Responses were specific and adapted from Dr. Thalheimer’s book. For example, here were the optional responses to the question “In regard to the user engagement, how able are you to put what you’ve learned into practice on the job?”

  • I’m not at all able to put the concepts into practice.
  • I have general awareness of the concepts taught, but I will need more training or practice to complete user engagement projects.
  • I am able to work on user engagement projects, but I’ll need more hands-on experience to be fully competent in using the concepts taught.
  • I am able to complete user engagement projects at a fully competent level in using the concepts taught.
  • I am able to complete user engagement projects at a expert level in using the concepts taught.

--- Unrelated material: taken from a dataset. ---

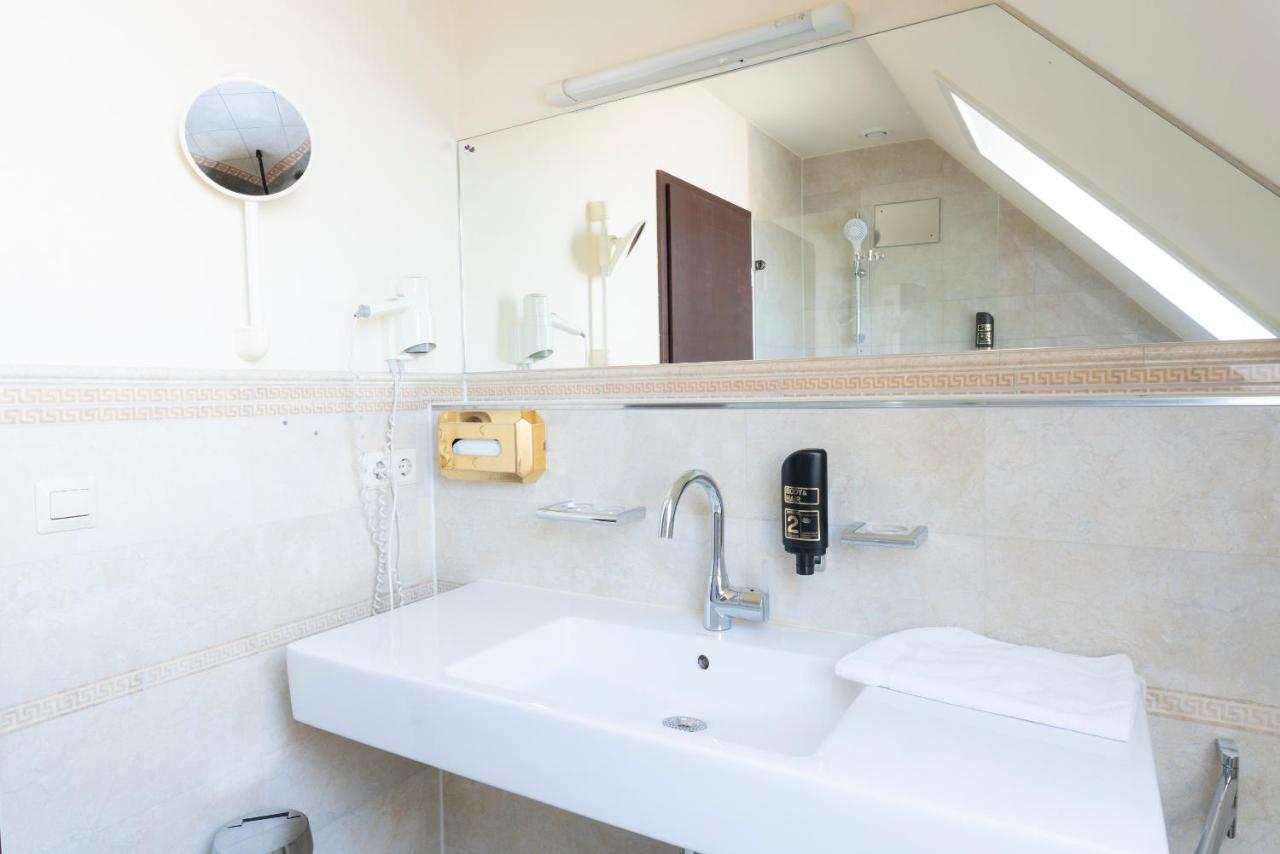 Studio King Suite Roll Shower Mobility Accessible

All four multiple choice questions had similarly complete options to choose from. From those responses, I was able to more appropriately determine the effectiveness of the workshop and whether my training content was performing as expected.

The open-ended question was relatively bland. I asked “What else would you like to share about your experience during the webinar today?” and received twelve specific, illuminating responses, such as:

“Loved the examples shown from other sites. Highly useful!”

“It validated some of the meetings I have had with my manager about user engagement and communication about our new site structure. It will be valuable for upcoming projects about asset distribution throughout the company.”

“I think the emphasis on planning the plan is helpful. I think I lack confidence in designing desk drops for Design teams. Also – I’m heavily engaged with my users now as it is – I am reached out to multiple times per day…but I think some of these suggestions will be valuable for more precision in those engagements.”

Even questions that didn’t give me direct feedback on the workshop, like “Still implementing our site, so a lot of today’s content isn’t yet relevant”, gave me information about my audience.

Conclusion

Clearly, I’m thrilled with the kind of information I am getting from using Dr. Thalheimer’s methods. I get useful, rich data from respondents that helps me better evaluate my content and understand my audience.

There is one positive aspect of using the new method that might have skewed the data. I designed the second web workshop after I read the book, and Dr. Thalheimer’s Training Effectiveness Taxonomy influenced the design. I thought more about the goals for the workshop, provided cognitive supports, repeated key messages, and did some situation-action triggering.

Based on those changes, the second web workshop was probably better than the first and it’s possible that the high-quality, engaging workshop contributed to the robust responses to open-ended questions I saw.

Either way, my evaluations (and learner experiences) are revolutionized. Has anyone seen a similar improvement in open-ended response rates since implementing performance-focused smile sheets?